Cognitive functioning during highly active antiretroviral therapy interruption in human immunodeficiency virus type 1 infection

Although no longer considered therapeutically beneficial, antiretroviral treatment interruptions (TIs) still occur frequently among patients with human immunodeficiency virus (HIV) infection for a variety of reasons. TIs typically result in viral rebound and worsening immunosuppression, which in turn are risk factors for neurocognitive decline and dementia.
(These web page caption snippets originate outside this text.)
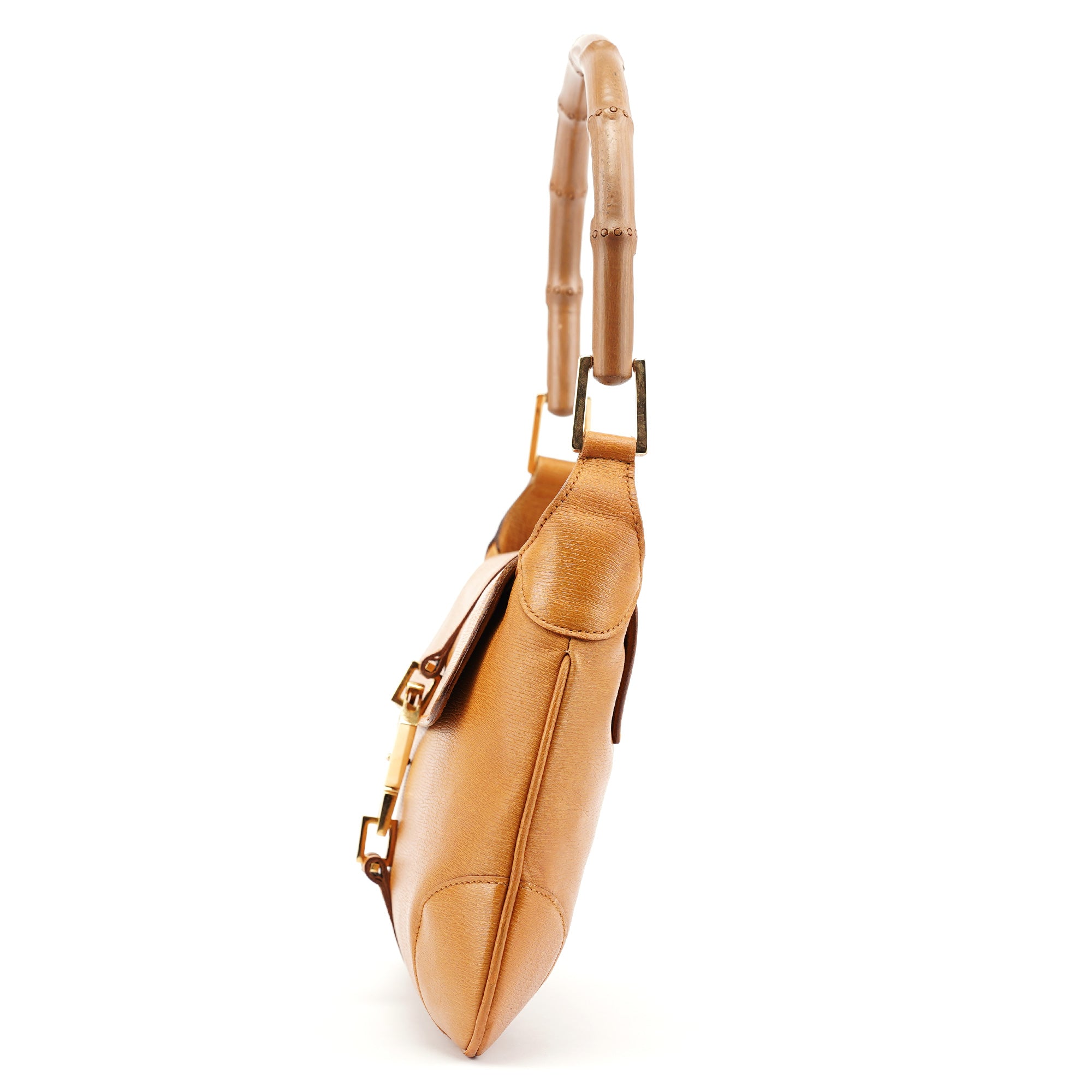 Gucci 001 4096 Tan Leather Jackie Bamboo Bag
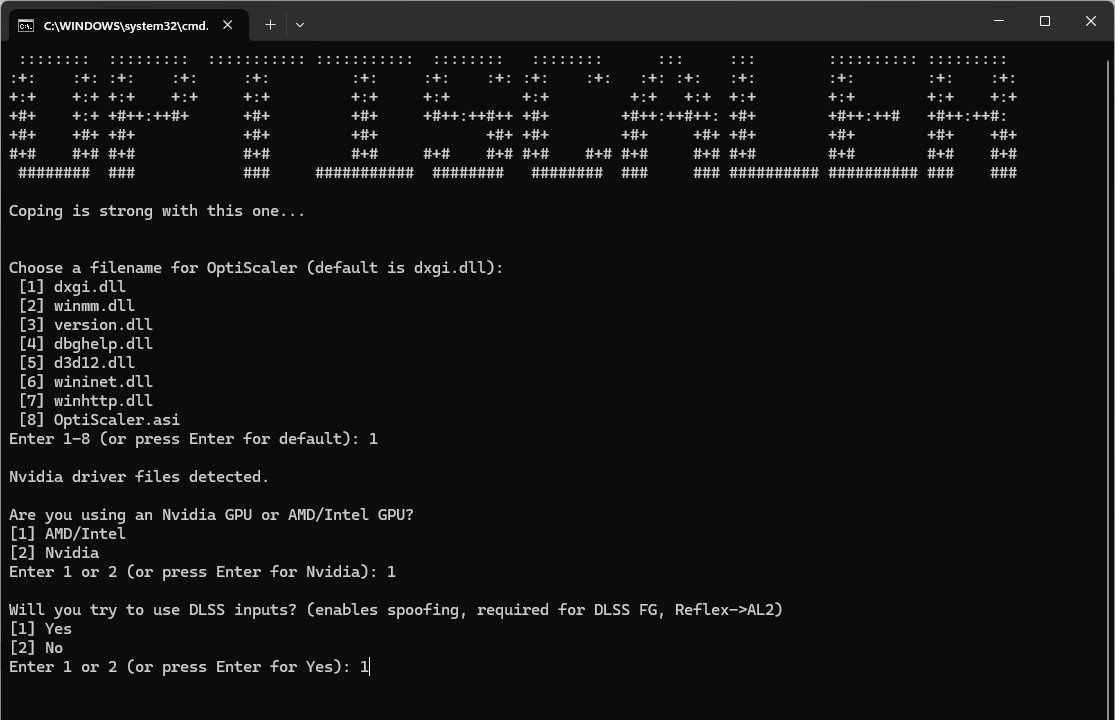 OptiScaler instalacja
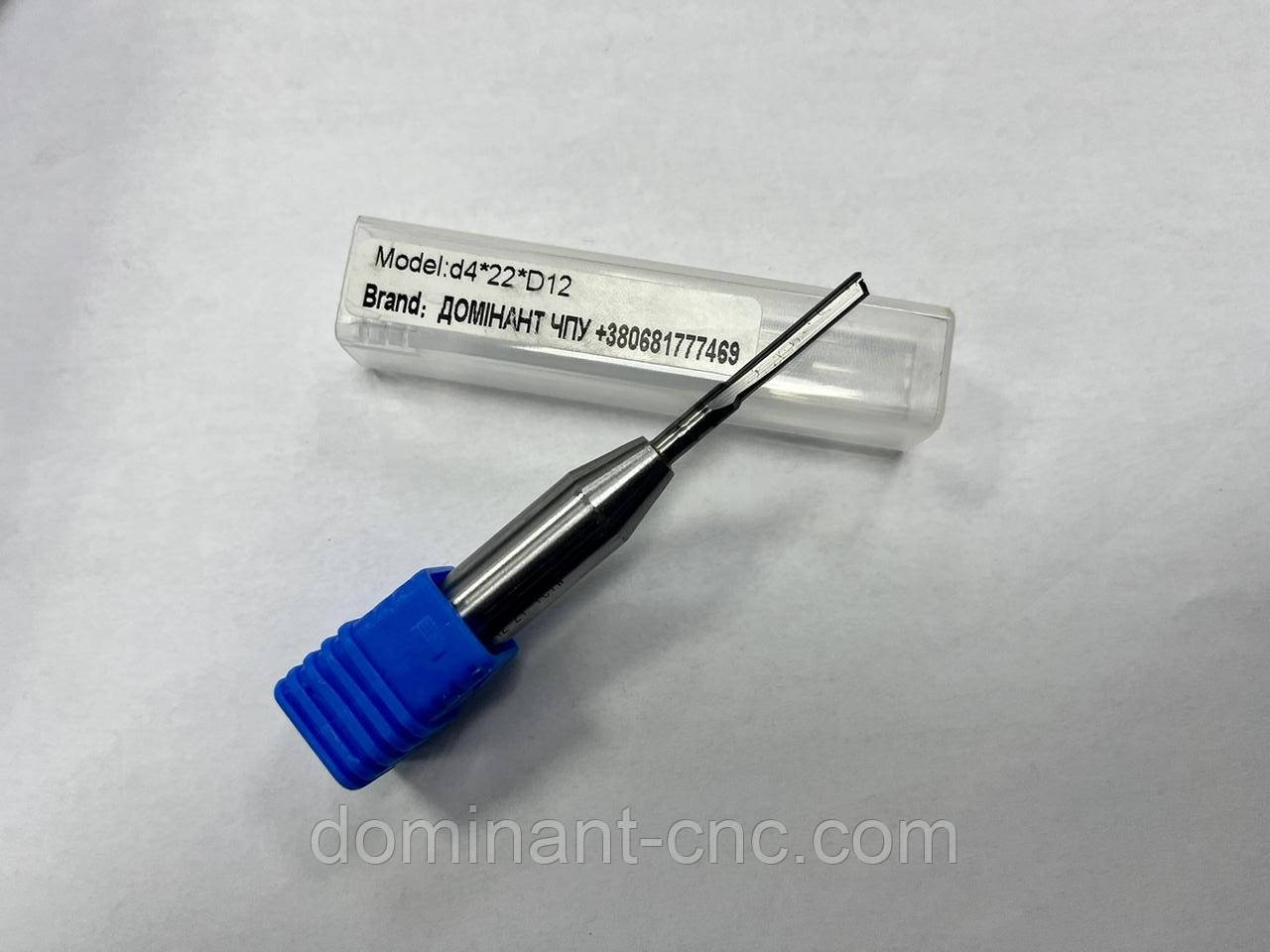 Фреза з прямими ножами D12*d4*22*2F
We sought to determine the extent of neurocognitive risk with TIs and subsequent reintroduction of highly active antiretroviral therapy (HAART) by using a comprehensive, sensitive neuropsychological assessment and by concurrently determining changes in plasma and cerebrospinal fluid (CSF) viral load and CD4 counts. Prospective, serial, clinical evaluations including neuropsychological (NP) testing and measurement of plasma HIV RNA and CD4 count and mood state were performed on HIV-1—infected individuals (N=11) at three time points: (1) prior to a TI, while on HAART; (2) after TIs averaging 6 months; and (3) after reinitiating HAART therapy. During TI, plasma HIV RNA increased and CD4 counts declined significantly, but NP performance did not change. Following reinitiation of HAART, viral loads fell below pre-TI levels, and CD4 counts rose. Improved viral suppression and immune restoration with reinitiation of HAART resulted in significant improvement in neurocognitive performance. No changes on comprehensive questionnaires of mood state were observed in relation to TI. NP performance and mood state remained stable during TIs despite worsened viral loads and CD4 counts. Because “practice effects” are generally greatest between the first and second NP testing sessions, improvement at the third, post-TI time point was unlikely to be accounted for by practice. TIs of up to 6 months appear to be neurocognitively and psychiatrically safe for most patients.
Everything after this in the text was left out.